Sur le plan « politique », le groupe enseignant.es de la VPOD organisait des  interventions publiques, des conférences, déposait des interventions parlementaires, participait à des campagnes politiques.

Au Conseil de ville, les élu.es Sylviane Zulauf (LMR) et Hans Müller (PSR), membres de la VPOD/SSP, demandaient au Conseil de ville de nouvelles places d’enseignant.es, en particulier des cours d’allemand pour étrangers ; revendication alors soutenue par le Conseiller municipal Raymond Glas (PSR) , avec un certain succès.

Les VPOD – « Lehreressen », tous les mercredi chez un membre. Ces rencontres régulières étaient importantes pour la dynamique du groupe.

Sur le plan personnel, les relations entre les différents membres de la VPOD étaient pour la plupart amicales : les gens se connaissaient et s’appréciaient. Mais la situation était parfois plus tendue au niveau syndical, y compris lors des assemblées. La Ligue était ressentie comme défendant une ligne politique plus dure, alors que les PS/PSR, POCH et PdT défendaient une ligne plus conciliante.

Il y avait également des points de vue différents sur le rôle du syndicat au sein des enseignant.es de la VPOD/SSP. Certain.es ne comprenaient pas pourquoi le syndicat devait soutenir des « mauvais » enseignant.es simplement parce qu’ils étaient membres syndiqués à la VPOD. Certain.es membres de la VPOD/SSP se considéraient comme des représentants des intérêts non seulement des enseignant.es, mais aussi des élèves/parents (qui subissaient les mauvais enseignant.es) et voulaient leur donner une voix.

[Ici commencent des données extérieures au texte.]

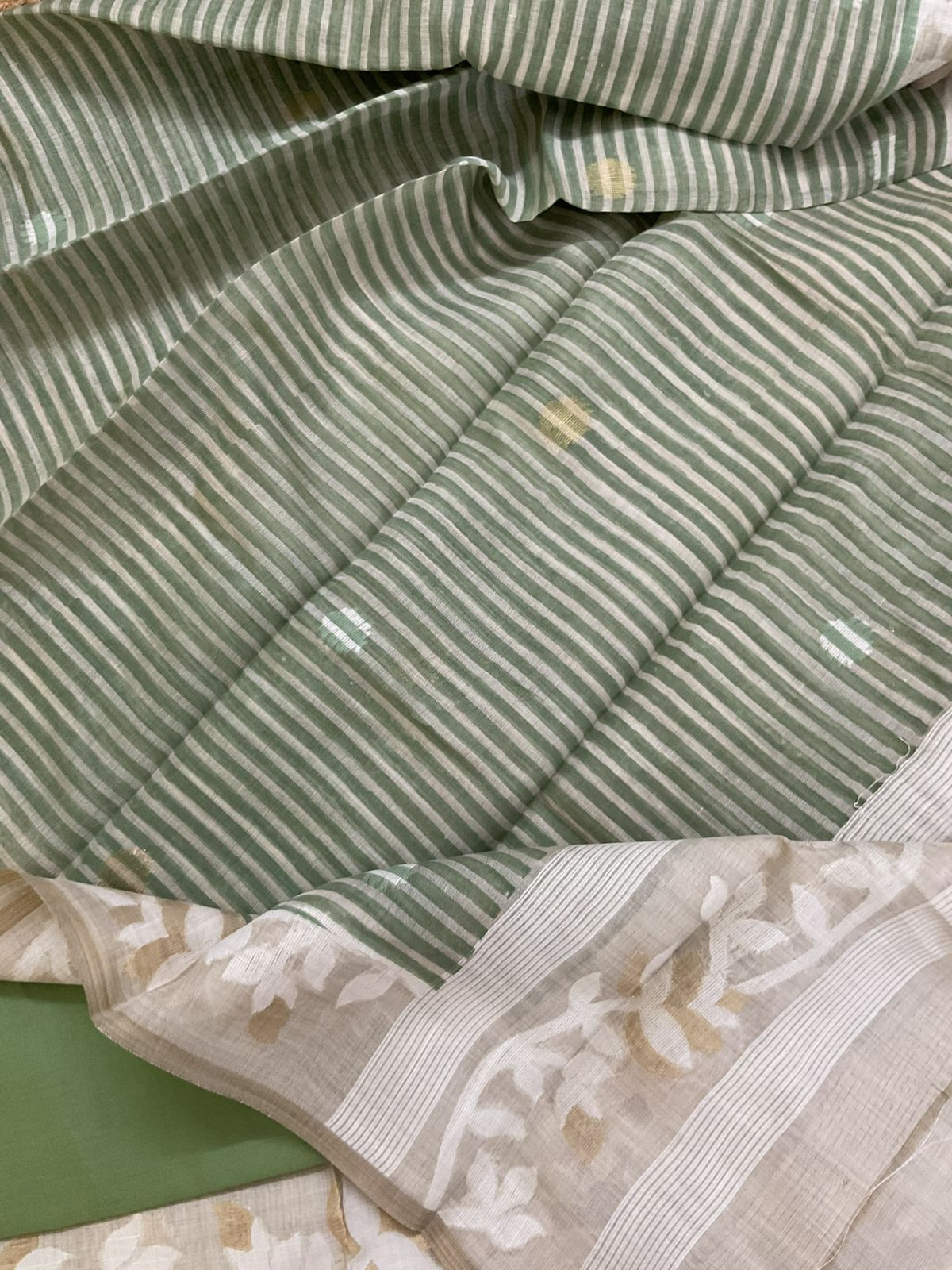 Pure Slub Chanderi Printed Jamdani Weaved Suit - Beige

Après la réorganisation de la VPOD avec la formation de groupes professionnels cantonaux, les contacts personnels/syndicaux au niveau local se sont perdus assez rapidement.

Remarques :

  • Nous n’avons pas retrouvé d’archives du groupe enseignant.es VPOD/SSP
  • J’ai rédigé ce texte sur la base de souvenirs de divers.es enseignant.es. et d’un interview de Hans Müller, que je remercie.

 

André Hofer

(note 1) VPOD = Verband des Personals öffentlicher Dienste / SSP = syndicat des services publics

(note 2) En 1976, Ernst Cincera fit la une des journaux lorsque furent dévoilées ses activités occultes de protection de l’Etat. Avec l’aide d’un réseau d’informateurs, ce chasseur de sorcières avait réuni des renseignements sur quelque 3500 personnes, appartenant surtout à des milieux de gauche, jugées par lui suspectes. En tant que président du Groupe d’information Suisse, il mettait ce matériel à la disposition des intéressés de l’économie, de l’administration et de la politique.